親潮系冷水の分布は、百メートル深の水温分布で五℃以下の部分として示されます。
例として、図1に一九九八年七月の百メートル深水温分布図を示します。親潮系冷水の沿岸寄りの分枝は釧路沖から三陸沖西部の北緯三八度付近にかけて分布しています。また、沖合の分枝は、東経一四七〜一四八度付近を北緯四〇度付近まで南下しています。
図1 1998年7月の北海道南方および本州東方海域の100m深水温分布図(親潮系冷水域〈5℃以下の領域〉に陰影を施しています)

親潮系冷水の南下の季節変動
親潮系冷水の沿岸寄りの分枝の南下は、変動が大きいことが知られています。
図2は一九七〇〜一九九八年の二十九年間について、月ごとの百メートル深水温分布から親潮系冷水の沿岸寄りの分枝の南限緯度を読み取り、月ごとに平均したものです。一般に、沿岸寄りの分枝には四月に最も南下して北緯三八度以南にまで達し、十二月には最も北にあり北緯四一度付近に止まっているという季節変動があることがわかります。

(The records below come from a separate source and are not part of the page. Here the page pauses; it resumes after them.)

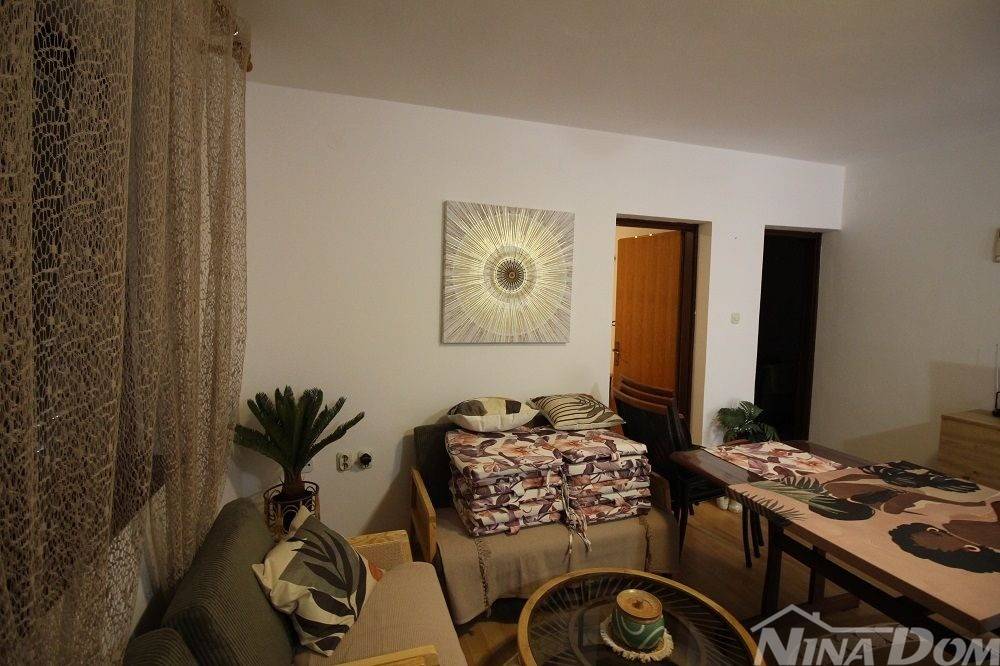 Samostojeca kuca, Prodaja, Privlaka, Privlaka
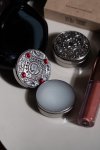 Ember Glow Perfume Balm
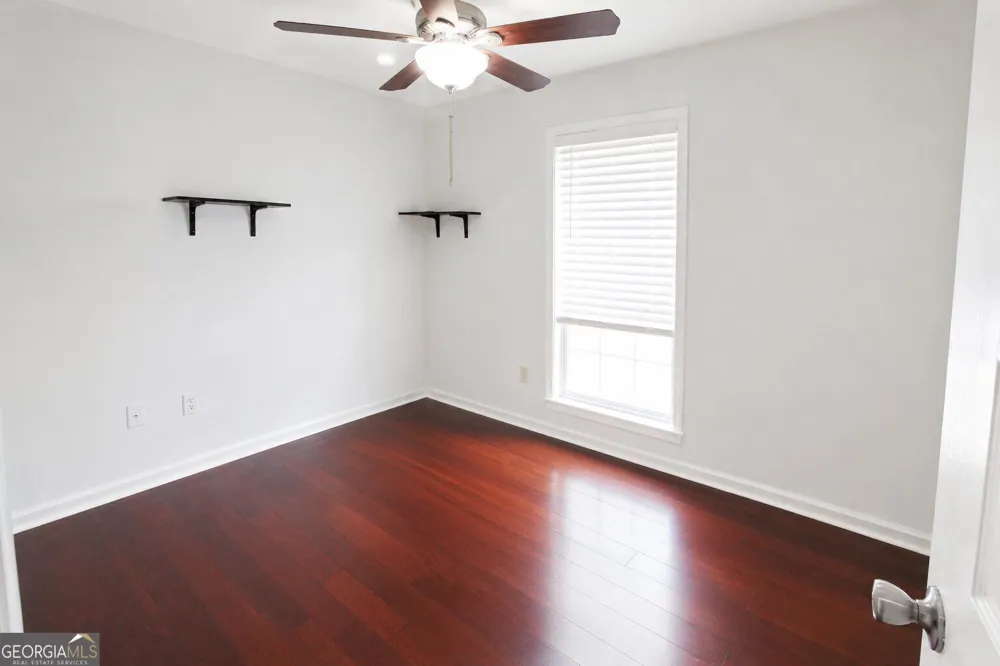5165 Sterling Trace CT NW Lilburn, GA 30047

図2には標準偏差を合わせて表示してあります。どの月も標準偏差は緯度で一度以上に及んでおり、年による変動も大きいこともうかがえます。例えば、四月には五〜六年に一回の割で北緯三七度以南にまで南下することがあります。親潮系冷水の沿岸寄りの分枝の南限緯度の前月との差は、その月の月当たりの南下速度と考えられます。図3は、南下速度を二十九年間について月ごとに平均したものです。一般に南下速度は二月に最も速く、一カ月で緯度で一度以上南下します。一方、十一月から十二月にかけて一カ月で緯度で一度近く北上します。